This repository contains code to cluster legal network data. It is, inter alia, used to produce the results reported in the following publications:
- Daniel Martin Katz, Corinna Coupette, Janis Beckedorf, and Dirk Hartung, Complex Societies and the Growth of the Law, Sci. Rep. 10 (2020), https://doi.org/10.1038/s41598-020-73623-x
- Corinna Coupette, Janis Beckedorf, Dirk Hartung, Michael Bommarito, and Daniel Martin Katz, Measuring Law Over Time, to appear (2021)
Related Repositories:
- Complex Societies and the Growth of the Law (Publication Release)
- Measuring Law Over Time
- Legal Data Preprocessing (Latest Publication Release)
Related Data:
- Preprocessed Input Data for Sci. Rep. 10 (2020)
- Preprocessed Input Data for Measuring Law Over Time, to appear (2021)
- It is assumed that you have Python 3.7 installed. (Other versions are not tested.)
- Set up a virtual environment and activate it. (This is not required but recommended.)
- Install the required packages
pip install -r requirements.txt
.
One option is to generate the required data yourself using https://github.com/QuantLaw/legal-data-preprocessing (also available at https://doi.org/10.5281/zenodo.4070772).

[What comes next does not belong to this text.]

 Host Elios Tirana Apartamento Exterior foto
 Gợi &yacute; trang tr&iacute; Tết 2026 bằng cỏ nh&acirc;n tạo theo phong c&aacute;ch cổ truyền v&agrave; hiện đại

Another option is to use the generated data from the related datasets (see above). This repository also contains the clustering results. To execute the clustering, you only need the following directories, other directories should be removed as otherwise clustering steps might be skipped.
Required files for Germany relative to this repository
../legal-networks-data/de/2_xml
../legal-networks-data/de/4_crossreference_graph
../legal-networks-data/de/5_snapshot_mapping_edgelist
Required files for USA relative to this repository
../legal-networks-data/us/2_xml
../legal-networks-data/us/4_crossreference_graph
../legal-networks-data/us/5_snapshot_mapping_edgelist
The combined data of statutes and regulations is located in the de_reg
and us_reg
folders next to the de
and us
folders.
Run ./run_example_configs.sh
to preprocess the graphs in multiple
configurations, cluster them, and map the clusterings over all available years.
The following steps will be executed:
- Preprocessing Simplify the graphs so that they can serve as input for clustering algorithms.
- Cluster Perform the clustering with infomap or louvain.
- Cluster Texts Collect the text for each cluster. (This step can only be performed
if the text data is available
../legal-networks-data/{us,de,us_reg,de_reg}/2_xml
.) - Cluster Evolution Mappings Map the clusters over time.
- Cluster Evolution Graph Create a graph with clusters as nodes and edges indicating the dynamics of nodes between snapshots.
- Cluster Inspection Inspect the content of individual clusters.
- Cluster Evolution Inspection Inspect the content of cluster families.